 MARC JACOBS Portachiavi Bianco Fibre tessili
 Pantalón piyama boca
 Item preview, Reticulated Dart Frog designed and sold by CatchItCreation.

- [The problem]: Retype the material above in full, with nothing altered.

- [Written answer]:
 MARC JACOBS Portachiavi Bianco Fibre tessili
 Pantalón piyama boca
 Item preview, Reticulated Dart Frog designed and sold by CatchItCreation.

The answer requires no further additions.